A working code sample can be seen in the CUDA sample,
[runtime_object].createTask(
[]{executeKernelInStream(data,3);}, //functionality that sends to execute an asynchronous task
[]{ return hasFinishedStream(3);}, //check if the task has finished
{}, //in dependences
MiniRun::deps(data)); //out dependences
You must take into account that MiniRun tasks may not run in the same thread, so if the device needs to have a thread context (like cuda does), you must call cudaSetDevice(_id_device) or the specific for your application.
With this capability, you can mix MiniRun tasks, CUDA tasks, or multiple other runtime tasks (like OpenMP) coherent at the same time.
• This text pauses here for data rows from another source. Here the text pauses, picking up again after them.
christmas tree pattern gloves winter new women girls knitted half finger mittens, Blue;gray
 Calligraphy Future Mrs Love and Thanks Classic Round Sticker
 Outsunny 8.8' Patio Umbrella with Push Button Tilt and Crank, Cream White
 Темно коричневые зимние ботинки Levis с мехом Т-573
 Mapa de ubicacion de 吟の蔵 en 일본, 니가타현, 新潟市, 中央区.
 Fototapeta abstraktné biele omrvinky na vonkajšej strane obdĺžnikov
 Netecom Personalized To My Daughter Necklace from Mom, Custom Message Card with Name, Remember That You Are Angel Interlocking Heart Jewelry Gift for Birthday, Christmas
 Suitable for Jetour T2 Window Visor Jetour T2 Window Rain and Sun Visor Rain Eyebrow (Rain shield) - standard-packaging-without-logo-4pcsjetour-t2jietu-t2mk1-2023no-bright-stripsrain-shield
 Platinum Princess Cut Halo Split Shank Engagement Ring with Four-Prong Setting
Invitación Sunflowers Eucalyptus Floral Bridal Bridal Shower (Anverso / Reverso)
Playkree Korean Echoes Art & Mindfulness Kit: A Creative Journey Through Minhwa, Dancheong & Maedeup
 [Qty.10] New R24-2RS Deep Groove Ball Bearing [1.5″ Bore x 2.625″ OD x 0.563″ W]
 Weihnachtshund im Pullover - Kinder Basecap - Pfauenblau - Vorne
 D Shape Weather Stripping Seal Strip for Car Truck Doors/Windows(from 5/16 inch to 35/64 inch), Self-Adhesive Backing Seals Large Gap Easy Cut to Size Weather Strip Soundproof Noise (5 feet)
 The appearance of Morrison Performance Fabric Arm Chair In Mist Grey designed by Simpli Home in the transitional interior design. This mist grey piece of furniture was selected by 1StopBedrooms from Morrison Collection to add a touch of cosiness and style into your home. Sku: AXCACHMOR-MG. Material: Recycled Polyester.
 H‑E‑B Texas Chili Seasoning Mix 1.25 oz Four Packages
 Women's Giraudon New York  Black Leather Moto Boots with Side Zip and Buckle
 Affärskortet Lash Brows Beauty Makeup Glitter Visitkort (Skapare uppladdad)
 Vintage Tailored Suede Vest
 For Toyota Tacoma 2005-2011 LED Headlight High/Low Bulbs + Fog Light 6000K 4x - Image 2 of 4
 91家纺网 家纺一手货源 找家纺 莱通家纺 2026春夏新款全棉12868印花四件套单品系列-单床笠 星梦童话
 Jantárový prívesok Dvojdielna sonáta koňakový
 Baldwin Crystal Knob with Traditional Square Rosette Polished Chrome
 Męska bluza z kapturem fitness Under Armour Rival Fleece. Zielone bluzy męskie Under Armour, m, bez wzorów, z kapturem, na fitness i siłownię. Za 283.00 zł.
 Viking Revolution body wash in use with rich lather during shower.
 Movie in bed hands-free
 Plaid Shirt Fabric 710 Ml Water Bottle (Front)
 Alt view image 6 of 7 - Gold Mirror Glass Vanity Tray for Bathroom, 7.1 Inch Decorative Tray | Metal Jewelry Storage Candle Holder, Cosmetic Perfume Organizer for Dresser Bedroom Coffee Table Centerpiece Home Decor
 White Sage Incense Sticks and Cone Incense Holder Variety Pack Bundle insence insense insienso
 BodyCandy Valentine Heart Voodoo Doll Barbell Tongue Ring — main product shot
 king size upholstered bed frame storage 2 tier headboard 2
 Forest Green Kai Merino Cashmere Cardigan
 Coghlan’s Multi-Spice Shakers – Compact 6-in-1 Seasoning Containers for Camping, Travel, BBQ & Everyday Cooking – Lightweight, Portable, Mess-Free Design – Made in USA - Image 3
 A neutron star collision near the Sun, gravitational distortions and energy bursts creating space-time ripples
The example shows the case of a block of a matrix multiply which uses MiniRun:
void matmul(MiniRun& runtime, const size_t size, const matrix_type *a, const matrix_type *b, matrix_type *c)
{
runtime.createTask(
[=]{
for(size_t k=0; k < size; ++k)
for(size_t i=0; i < size; ++i)
for(size_t j=0; j < size; ++j)
c[i*size + j] += a[i*size + k] * b[k*size + j];
}, MiniRun::deps(a,b), MiniRun::deps(c));
}
(Never ever program it this way, this only serves as demonstration, a n too big will cause to stack-overflow)
MiniRun run;
std::atomic<int> group(0);
int fib(int n)
{
if (n<2) return n;
int i,j;
int a_group = group++;
run.createTask([&, n = n-1]{ i=fib(n); },a_group);
run.createTask([&, n = n-2]{ j=fib(n); },a_group);
run.taskwait(a_group);
return i+j;
}
int main(){ int n=25; printf ("fib(%d) = %d\n", n, fib(n)); }
There is no hidden dependences when using MiniRun, include the header and compile.
As this library uses std::threads, you must link against pthreads.